* **THE INPUT**:
═══
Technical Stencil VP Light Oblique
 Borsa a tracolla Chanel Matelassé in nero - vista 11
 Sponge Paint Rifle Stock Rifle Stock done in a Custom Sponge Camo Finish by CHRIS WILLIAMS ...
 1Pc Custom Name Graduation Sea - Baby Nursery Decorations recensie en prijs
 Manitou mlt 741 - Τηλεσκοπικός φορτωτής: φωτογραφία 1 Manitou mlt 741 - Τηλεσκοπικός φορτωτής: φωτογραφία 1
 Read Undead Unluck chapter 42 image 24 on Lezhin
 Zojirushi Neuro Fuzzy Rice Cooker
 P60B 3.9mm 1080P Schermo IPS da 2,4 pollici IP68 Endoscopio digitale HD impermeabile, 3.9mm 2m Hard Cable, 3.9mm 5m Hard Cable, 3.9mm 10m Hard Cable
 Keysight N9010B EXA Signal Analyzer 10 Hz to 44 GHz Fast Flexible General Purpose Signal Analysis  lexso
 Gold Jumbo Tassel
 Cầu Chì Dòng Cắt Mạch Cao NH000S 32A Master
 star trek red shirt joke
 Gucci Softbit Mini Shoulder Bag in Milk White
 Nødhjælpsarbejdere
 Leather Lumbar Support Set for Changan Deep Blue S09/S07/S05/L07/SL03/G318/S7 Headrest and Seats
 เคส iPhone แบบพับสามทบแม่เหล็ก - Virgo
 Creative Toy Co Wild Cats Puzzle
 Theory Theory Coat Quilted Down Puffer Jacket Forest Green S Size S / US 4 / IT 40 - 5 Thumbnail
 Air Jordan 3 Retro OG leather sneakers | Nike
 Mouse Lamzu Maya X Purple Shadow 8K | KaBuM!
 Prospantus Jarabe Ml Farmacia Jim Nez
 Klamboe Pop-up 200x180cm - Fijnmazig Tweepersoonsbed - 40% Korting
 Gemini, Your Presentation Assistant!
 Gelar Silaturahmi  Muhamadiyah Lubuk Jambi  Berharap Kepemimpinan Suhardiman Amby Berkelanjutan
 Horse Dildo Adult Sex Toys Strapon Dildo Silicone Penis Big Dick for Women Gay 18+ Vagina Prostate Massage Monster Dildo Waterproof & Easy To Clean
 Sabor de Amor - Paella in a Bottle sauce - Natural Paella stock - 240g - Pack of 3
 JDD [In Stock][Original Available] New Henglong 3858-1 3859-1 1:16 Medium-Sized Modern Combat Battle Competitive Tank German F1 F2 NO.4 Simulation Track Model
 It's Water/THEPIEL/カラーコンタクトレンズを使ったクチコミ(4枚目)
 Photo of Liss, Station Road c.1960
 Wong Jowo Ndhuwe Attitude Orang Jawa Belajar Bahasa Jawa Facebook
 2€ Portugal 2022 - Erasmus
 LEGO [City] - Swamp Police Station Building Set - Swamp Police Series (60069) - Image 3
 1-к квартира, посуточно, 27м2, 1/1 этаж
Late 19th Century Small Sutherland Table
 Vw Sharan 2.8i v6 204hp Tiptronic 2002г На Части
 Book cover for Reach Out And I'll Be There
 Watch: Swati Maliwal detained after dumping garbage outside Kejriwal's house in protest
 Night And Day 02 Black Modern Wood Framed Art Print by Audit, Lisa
═══
* **AIM OF THE EXERCISE**: Only one stretch is wanted, so please give again exactly the lines from the start of the data through the line containing "Leather Lumbar Support", both ends included.

* **THE COMPLETED TASK**:
Technical Stencil VP Light Oblique
 Borsa a tracolla Chanel Matelassé in nero - vista 11
 Sponge Paint Rifle Stock Rifle Stock done in a Custom Sponge Camo Finish by CHRIS WILLIAMS ...
 1Pc Custom Name Graduation Sea - Baby Nursery Decorations recensie en prijs
 Manitou mlt 741 - Τηλεσκοπικός φορτωτής: φωτογραφία 1 Manitou mlt 741 - Τηλεσκοπικός φορτωτής: φωτογραφία 1
 Read Undead Unluck chapter 42 image 24 on Lezhin
 Zojirushi Neuro Fuzzy Rice Cooker
 P60B 3.9mm 1080P Schermo IPS da 2,4 pollici IP68 Endoscopio digitale HD impermeabile, 3.9mm 2m Hard Cable, 3.9mm 5m Hard Cable, 3.9mm 10m Hard Cable
 Keysight N9010B EXA Signal Analyzer 10 Hz to 44 GHz Fast Flexible General Purpose Signal Analysis  lexso
 Gold Jumbo Tassel
 Cầu Chì Dòng Cắt Mạch Cao NH000S 32A Master
 star trek red shirt joke
 Gucci Softbit Mini Shoulder Bag in Milk White
 Nødhjælpsarbejdere
 Leather Lumbar Support Set for Changan Deep Blue S09/S07/S05/L07/SL03/G318/S7 Headrest and Seats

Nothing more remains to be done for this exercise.